Data excerpt:
☆ ☆ ☆ ☆ ☆ ☆ ☆

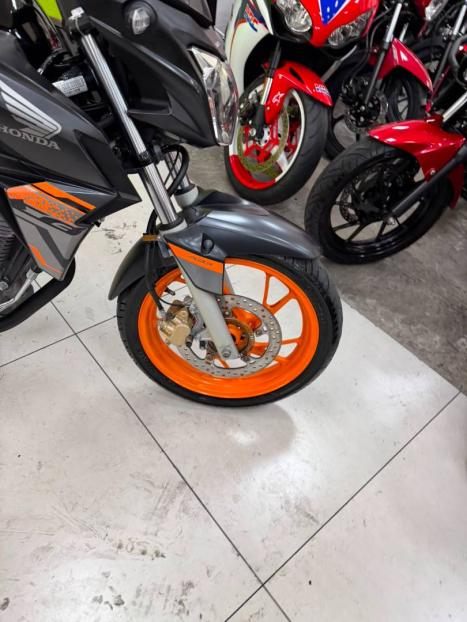 HONDA CB 250 F Twister , Foto 5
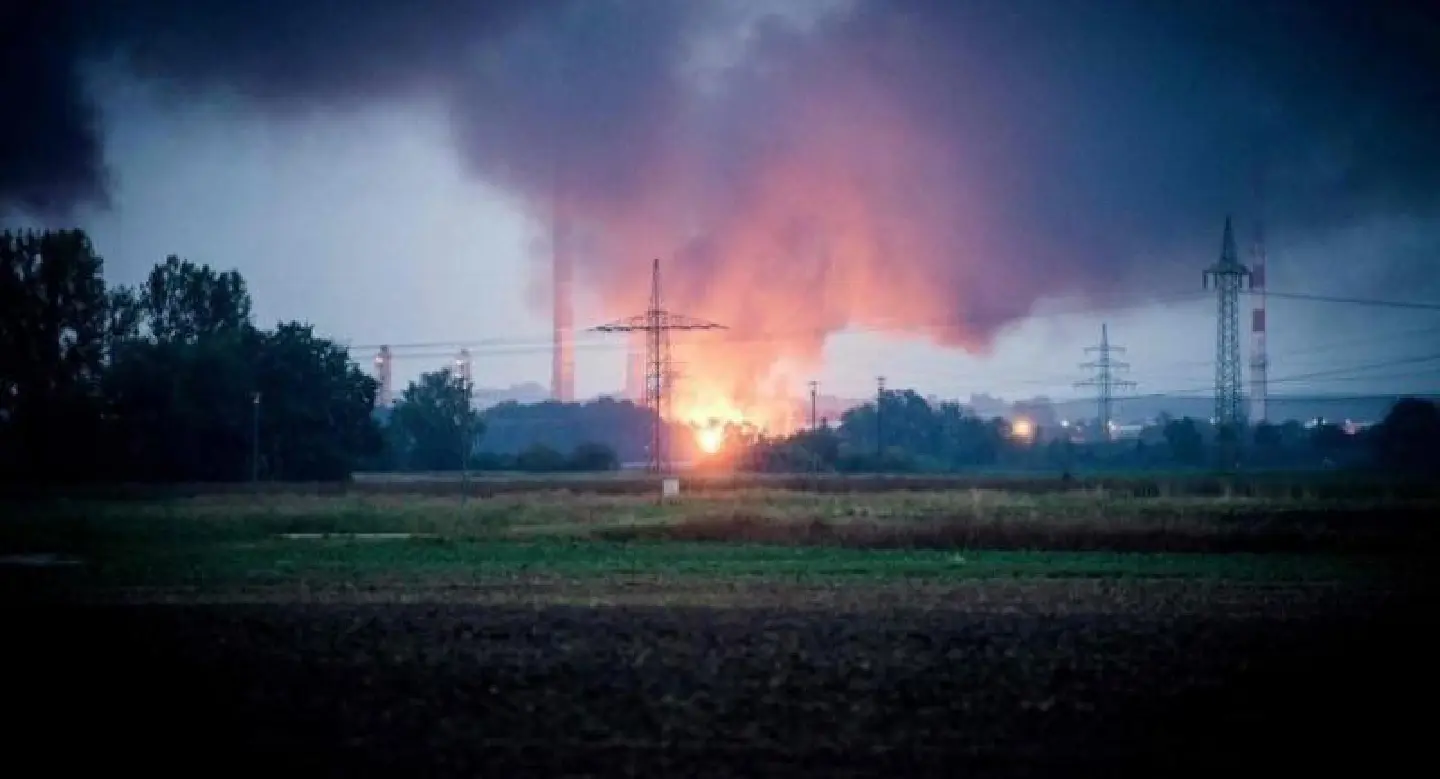 Eight hurt in blast, blaze at German refinery: police
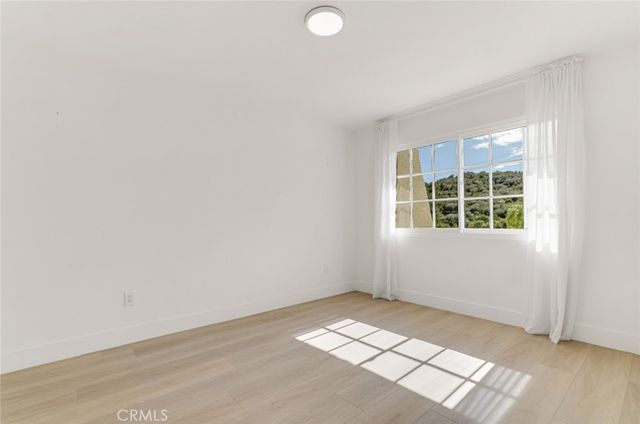 26086 Mulholland Highway, Calabasas, CA 91302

☆ ☆ ☆ ☆ ☆ ☆ ☆

Restate word for word the lines from the one with "Eight hurt in" to the end of the material, both included. Do not include the pictures.

 Eight hurt in blast, blaze at German refinery: police
 26086 Mulholland Highway, Calabasas, CA 91302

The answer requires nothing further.